→ Supplied records
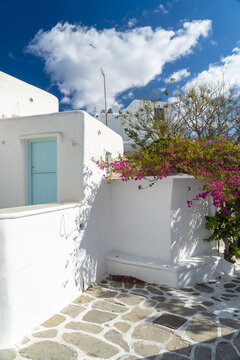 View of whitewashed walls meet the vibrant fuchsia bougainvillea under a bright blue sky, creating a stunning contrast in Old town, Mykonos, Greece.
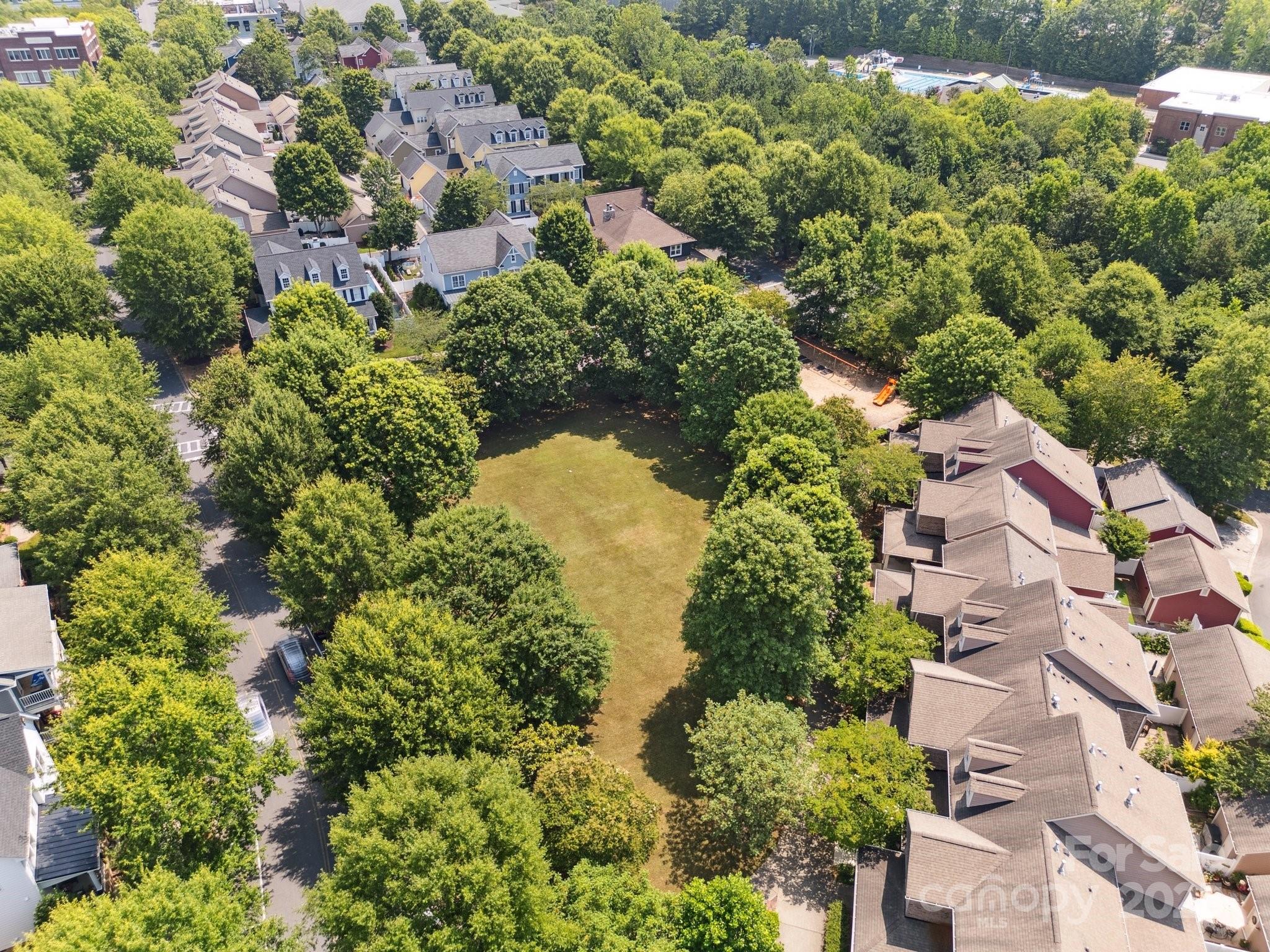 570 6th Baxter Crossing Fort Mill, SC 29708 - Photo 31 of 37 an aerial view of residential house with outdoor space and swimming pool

---

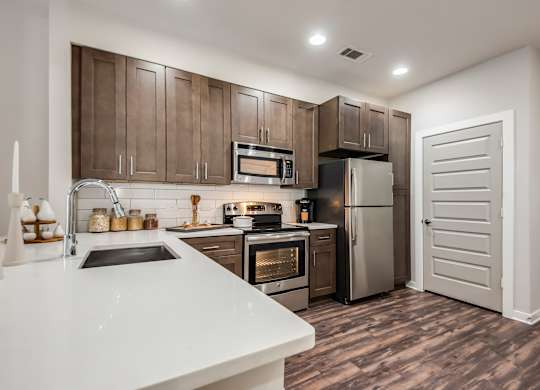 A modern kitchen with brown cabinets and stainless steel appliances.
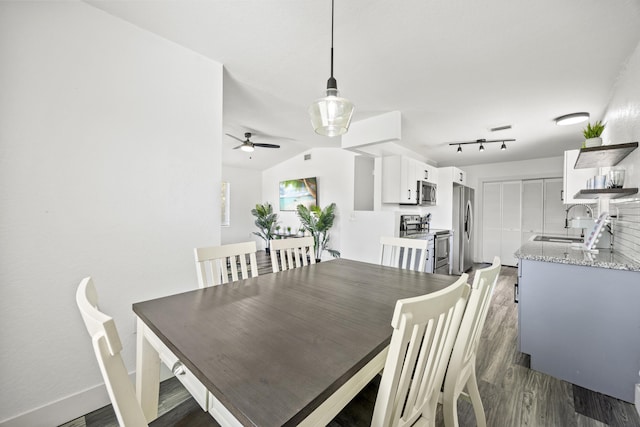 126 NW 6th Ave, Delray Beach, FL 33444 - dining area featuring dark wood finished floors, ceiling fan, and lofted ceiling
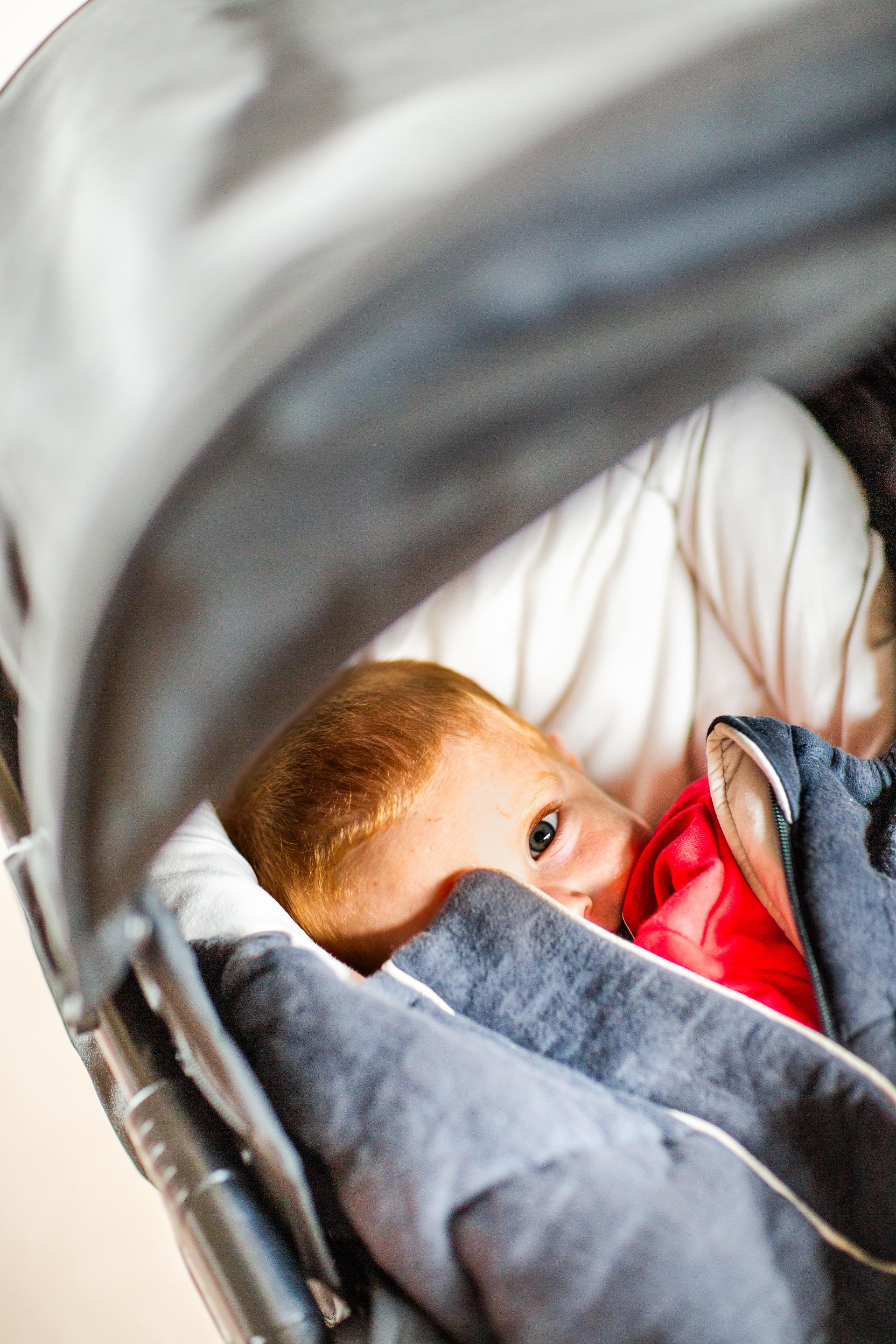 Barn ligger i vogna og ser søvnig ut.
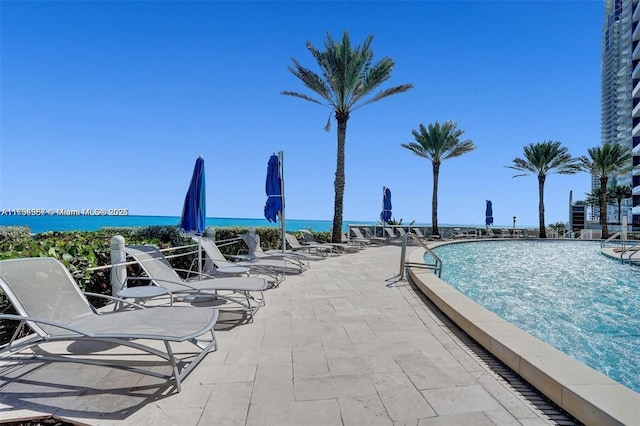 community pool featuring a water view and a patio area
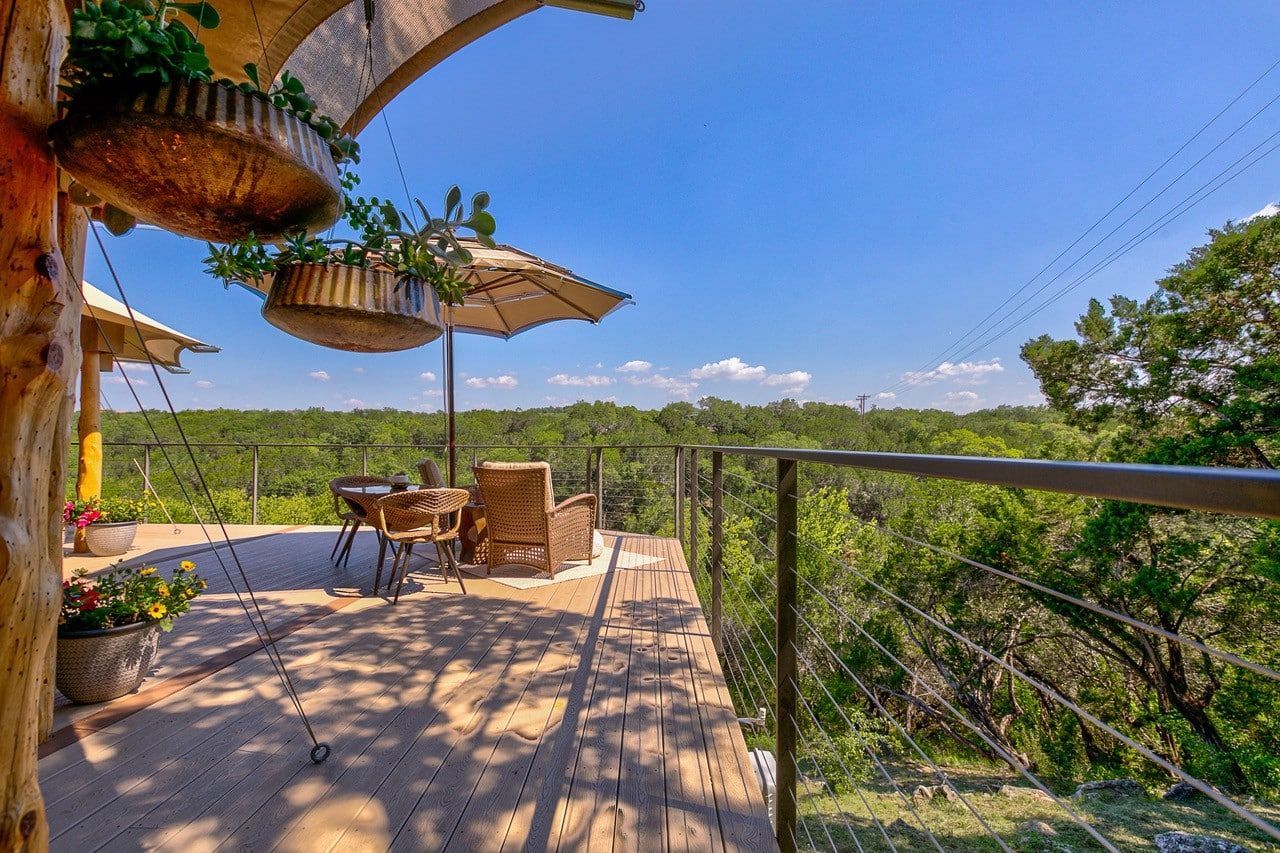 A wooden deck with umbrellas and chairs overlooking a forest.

--

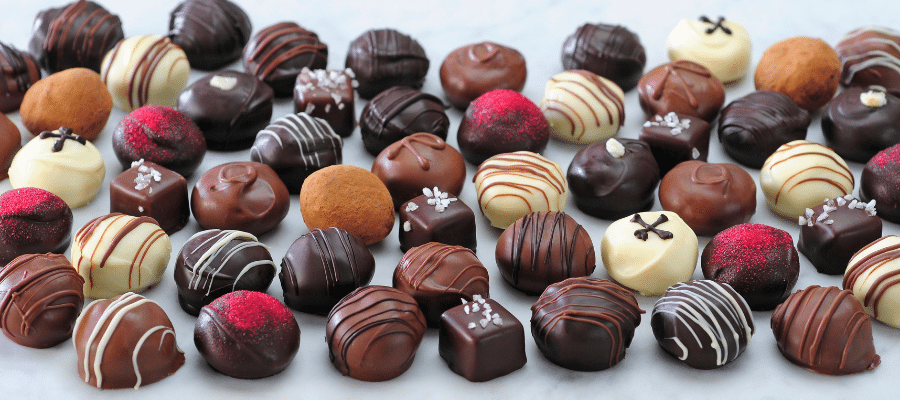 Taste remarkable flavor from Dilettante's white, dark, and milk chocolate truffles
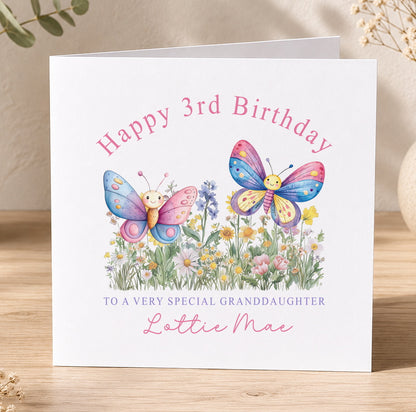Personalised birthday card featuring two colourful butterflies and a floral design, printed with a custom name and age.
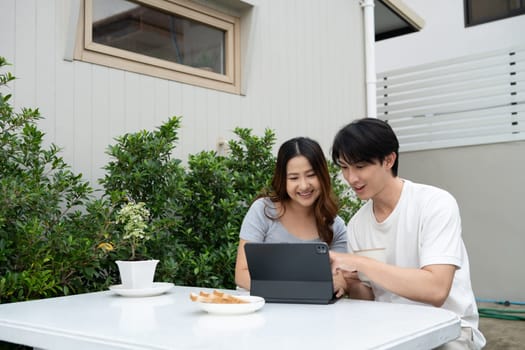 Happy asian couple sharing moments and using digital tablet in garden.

→ Problem description
Set down exactly the lines above, from the line containing "View of whitewashed" through the line containing "570 6th Baxter". Skip the pictures.

→ Output of the exercise
 View of whitewashed walls meet the vibrant fuchsia bougainvillea under a bright blue sky, creating a stunning contrast in Old town, Mykonos, Greece.
 570 6th Baxter Crossing Fort Mill, SC 29708 - Photo 31 of 37 an aerial view of residential house with outdoor space and swimming pool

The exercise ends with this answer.